- **REQUIREMENT**
Exactly the lines from the line with "(주)메디쿼터스 네이버블로그" through the final line of the records below, both ends included, are to be set down. Do not include pictures.
------------------------------------------------
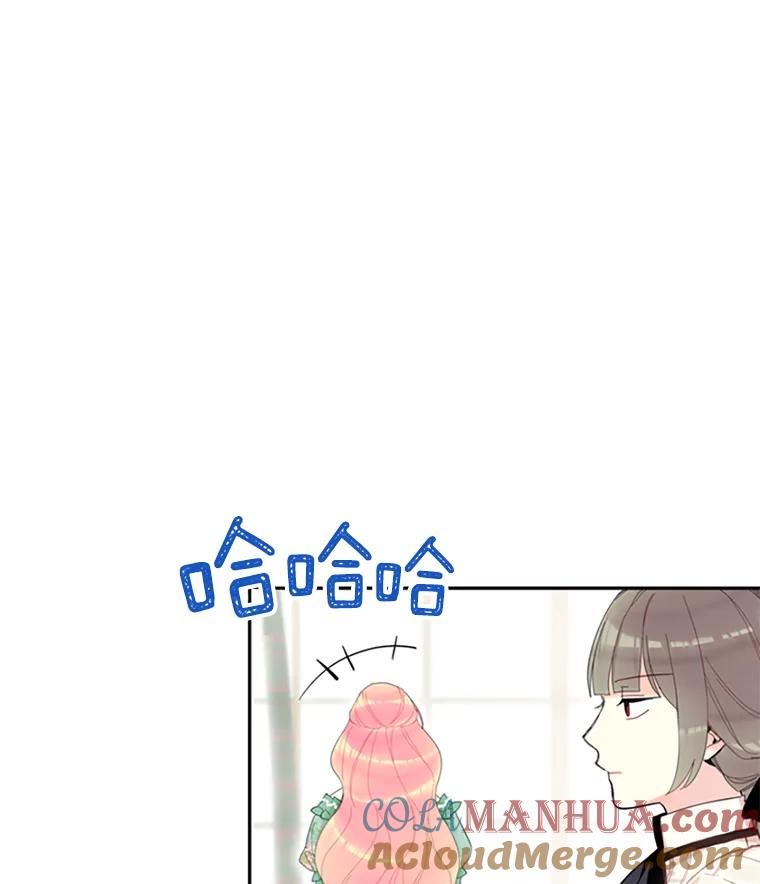 恶女保命计划 - 14.狩猎 - 第25张图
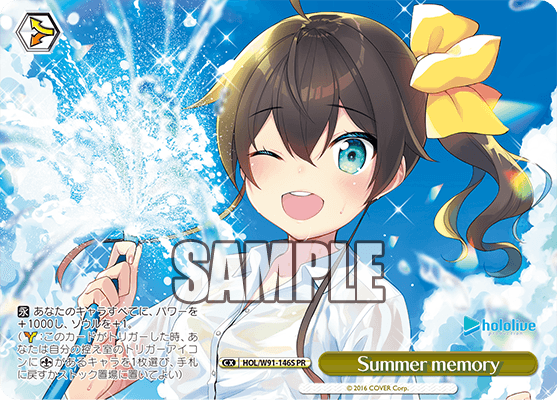 Summer memory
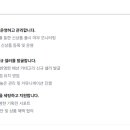 (주)메디쿼터스 네이버블로그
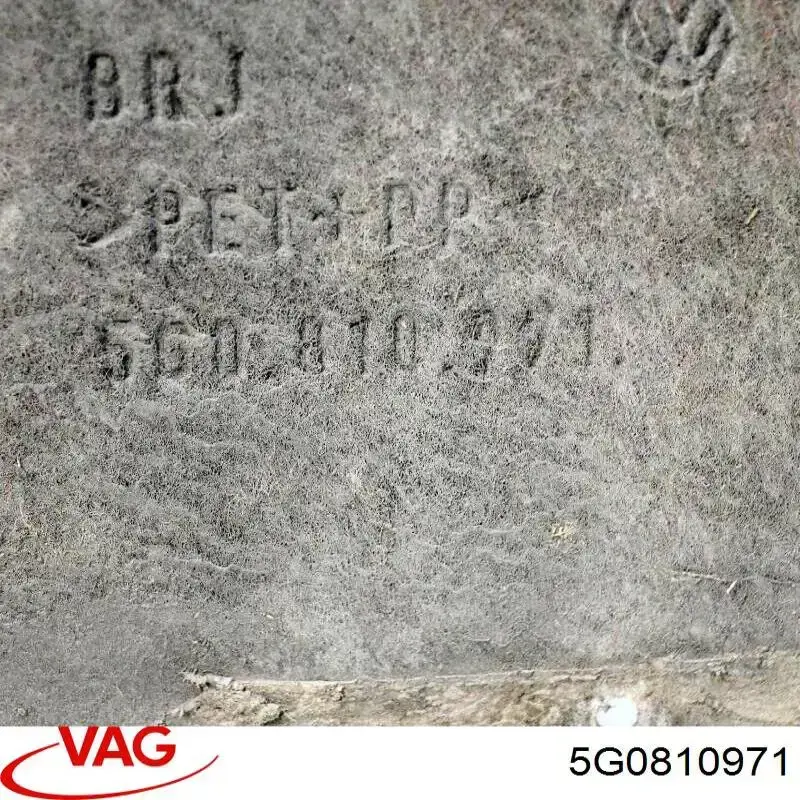 Підкрилок заднього крила, лівий 5G0810971 VAG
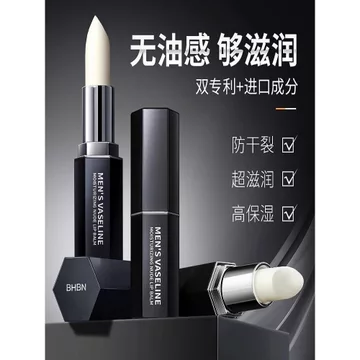 Nam Son Dưỡng Môi Nam Nam Chuyên Dụng Sinh Viên Nam Dưỡng Ẩm Dưỡng Ẩm Dưỡng Ẩm Chống Khô Thu Đông Son Môi Nữ Miệng Dầu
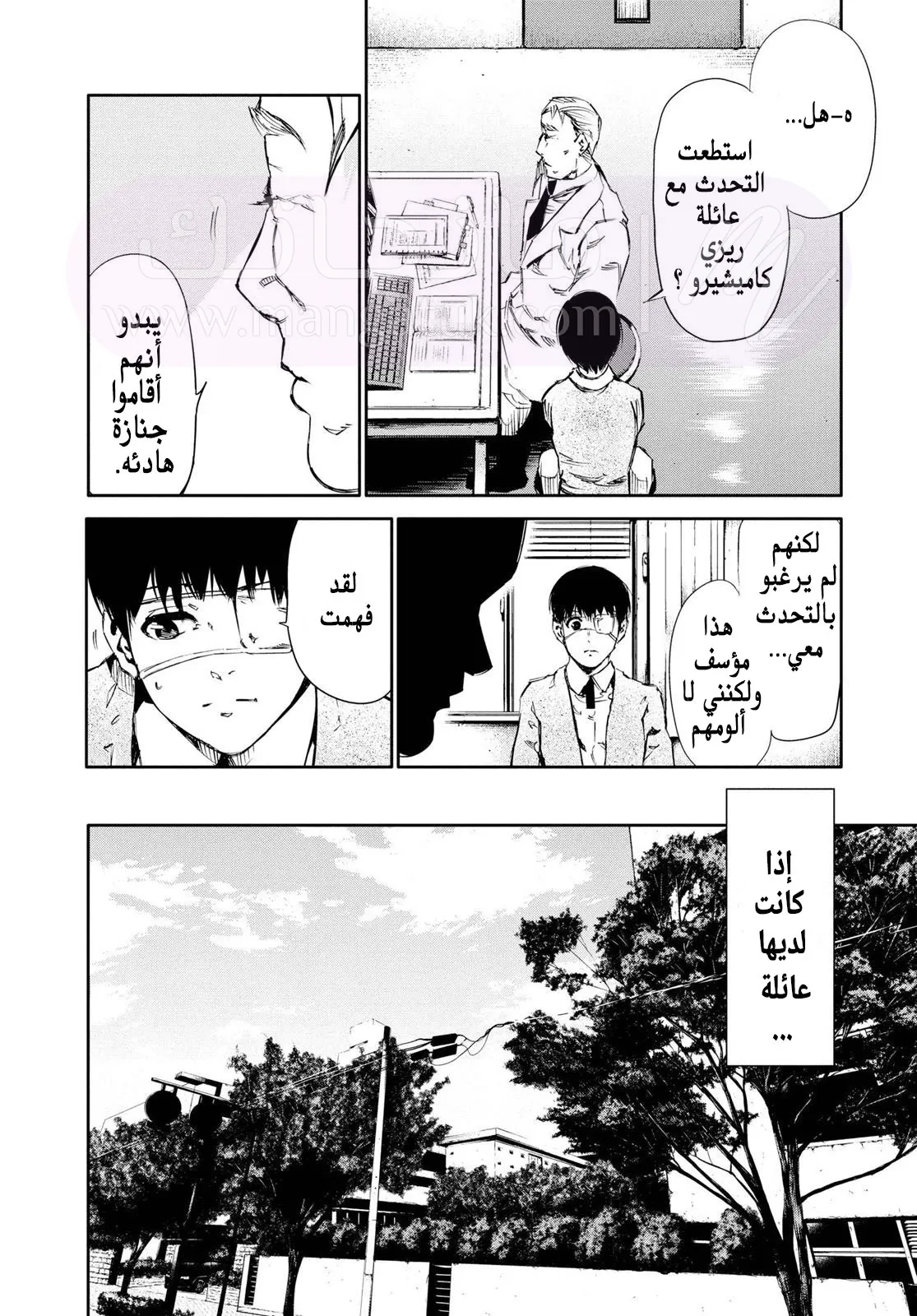 الصفحة 7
------------------------------------------------
- **SOLUTION BELOW**
 (주)메디쿼터스 네이버블로그
 Підкрилок заднього крила, лівий 5G0810971 VAG
 Nam Son Dưỡng Môi Nam Nam Chuyên Dụng Sinh Viên Nam Dưỡng Ẩm Dưỡng Ẩm Dưỡng Ẩm Chống Khô Thu Đông Son Môi Nữ Miệng Dầu
 الصفحة 7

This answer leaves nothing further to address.